J. Bryan Lowder at Slate chimed in, “This is obviously just a ploy to transition Logo to a more economically lucrative ‘lifestyle’ model,” though he contended that Logo’s move made sense from a quality perspective. “Logo’s reality shows (aside from Drag Race) were just poorly made, plain and simple.”
Lisa Sherman, Executive Vice-President at Logo, emphasized to The Observer that Logo’s changes were prompted by a broad view of gay citizens’ expanding role in the culture. “The truth is I don’t think it’s a mission shift at all. I think it’s a shift in the culture and the way gays are living more in a mainstream culture. The culture in the last six or seven years since we’ve launched has thankfully become a very different place for gay people.”
The channel launched in 2005, the summer after George W. Bush had won re-election on a “moral values” platform. It had to strike a delicate balance between appealing to a core audience and getting acceptance from advertisers (there were but three charter advertisers) and cable providers. At the time, MTV Networks chair Tom Freston said: “We’re not using profanity, we’re not using sex. This is going to be mainstream programmiGng that you see everywhere else, except for the fact that it’s targeted to the gay and lesbian community.”

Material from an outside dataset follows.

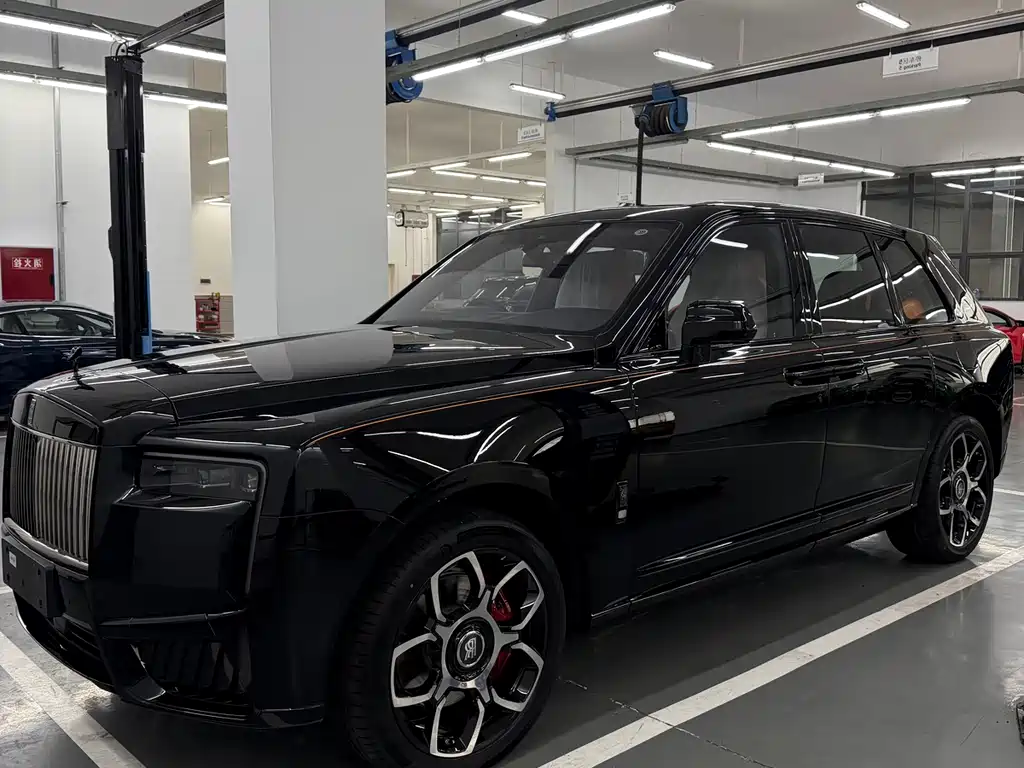 Rolls-Royce Cullinan 0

Since then, Mr. Bush’s campaign manager came out as gay and same sex marriage passed in New York. Modern Family and The Ellen DeGeneres Show are both hits, and Don’t Ask, Don’t Tell was repealed. To Ms. Sherman all of these are bellwethers, and gays are leading what she called “far more mainstream, integrated lives.”
Logo’s shift isn’t just engendered by a vague feeling, though. The media research group Starcom performed a study of the gay community for the network, the results of which were presented at Logo’s recent upfront presentation for advertisers. Esther Franklin, the executive vice-president of Starcom, told the ad buyers in attendance that the gay community could be segmented into eight “identities,” five of which were “most exciting for advertisers.”
These included the “Just who I am” identity, which she called “the face of average, everyday American life.
“What I love about this community is its ordinariness—if that’s a word. The normalcy of ‘Just who I am’ is what makes it revolutionary.” These people, in Ms. Franklin’s telling, tend to be most interested in chilling out in front of the television, and not overly concerned with whether the characters they watch are straight or gay.
Another identity was “Out and Proud.”
“When I think about this community, Kool and the Gang’s ‘Celebration’ starts to play in my head,” said Ms. Franklin.